AT&T divided AT&T Communications into 22 operating companies, serving the regions of each Bell Operating Company that was spun off. Some of these companies are currently operating:
- AT&T Communications of Indiana, G.P.
- AT&T Communications of New York, Inc.
- AT&T Communications of Virginia, LLC
- AT&T Communications of Washington D.C., LLC
The other companies, which have been merged into AT&T Corp., included:
- AT&T Communications of California, Inc.
- AT&T Communications of Delaware, Inc.
- AT&T Communications of Illinois, Inc.
- AT&T Communications of Maryland, LLC
- AT&T Communications of Michigan, Inc.
- AT&T Communications of New England, Inc.
- AT&T Communications of Nevada, Inc.
- AT&T Communications of NJ, L.P.
- AT&T Communications of Ohio, Inc.
- AT&T Communications of Pennsylvania, LLC
- AT&T Communications of the Midwest, Inc.
- AT&T Communications of the Mountain States, Inc.
- AT&T Communications of the Pacific Northwest, Inc.
- AT&T Communications of the South Central States, LLC
- AT&T Communications of the Southern States, LLC
- AT&T Communications of the Southwest, Inc.
- AT&T Communications of West Virginia, Inc.

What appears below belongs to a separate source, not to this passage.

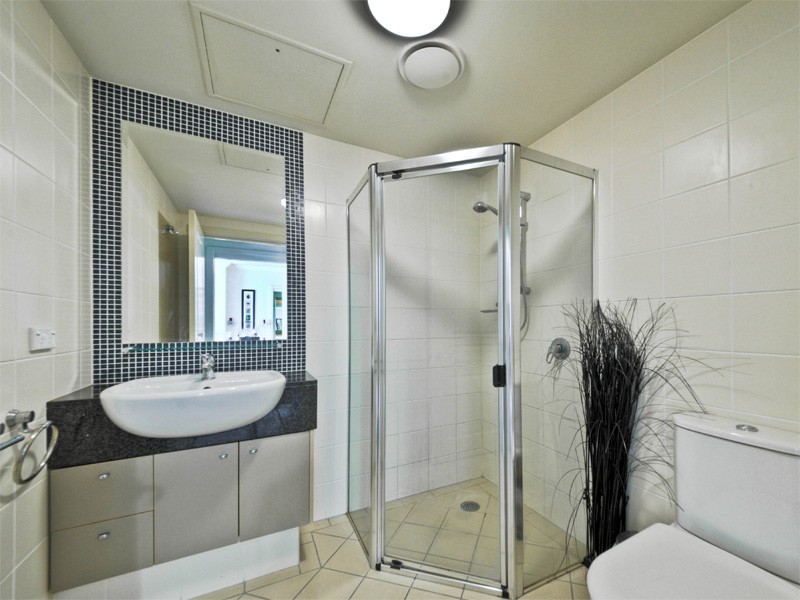 4505/141 Campbell Street, Bowen Hills QLD 4006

- AT&T Communications of Wisconsin, L.P.

Following the Telecommunications Act of 1996, AT&T Communications began reselling Bell Operating Company-provided telephone service at lower prices to compete with the Baby Bells. Their names were: Ameritech, Bell Atlantic, BellSouth, NYNEX, Pacific Telesis, Southwestern Bell, and US West.
The advertising campaign which had a broad appeal was named AT&T CallVantage.

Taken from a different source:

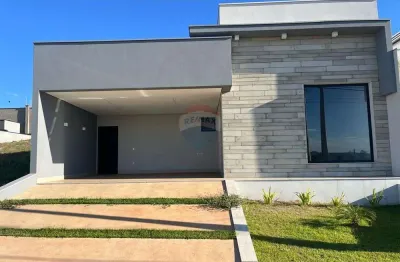 Casa de condomínio para alugar em ondinhas de 176.00m² com 3 quartos, 3 suites e 4 garagens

=== AT&T–SBC Communications merger ===
In 2005, SBC Communications purchased AT&T Corp., the parent company of AT&T Communications. SBC had already been offering its own long-distance services through SBC Long Distance LLC in its own territory in competition with other long-distance companies. As a result, AT&T Communications was refocused to seek new customers outside of the AT&T 13-state region served by its Bell Operating Companies.

In 2010, AT&T Communications (and subsidiary AT&T Communications of New England) was merged into AT&T Corp. In 2012, 17 more of the AT&T Communications companies were dissolved into AT&T Corp., leaving only the companies in Indiana, New York, Virginia, and Washington, D.C. as the last remnants of the 1984-created structure. On July 28, 2017, AT&T announced a new AT&T Communications corporate division, which will house AT&T Mobility, DirecTV, U-Verse, AT&T Business, and Technology and Operations Group.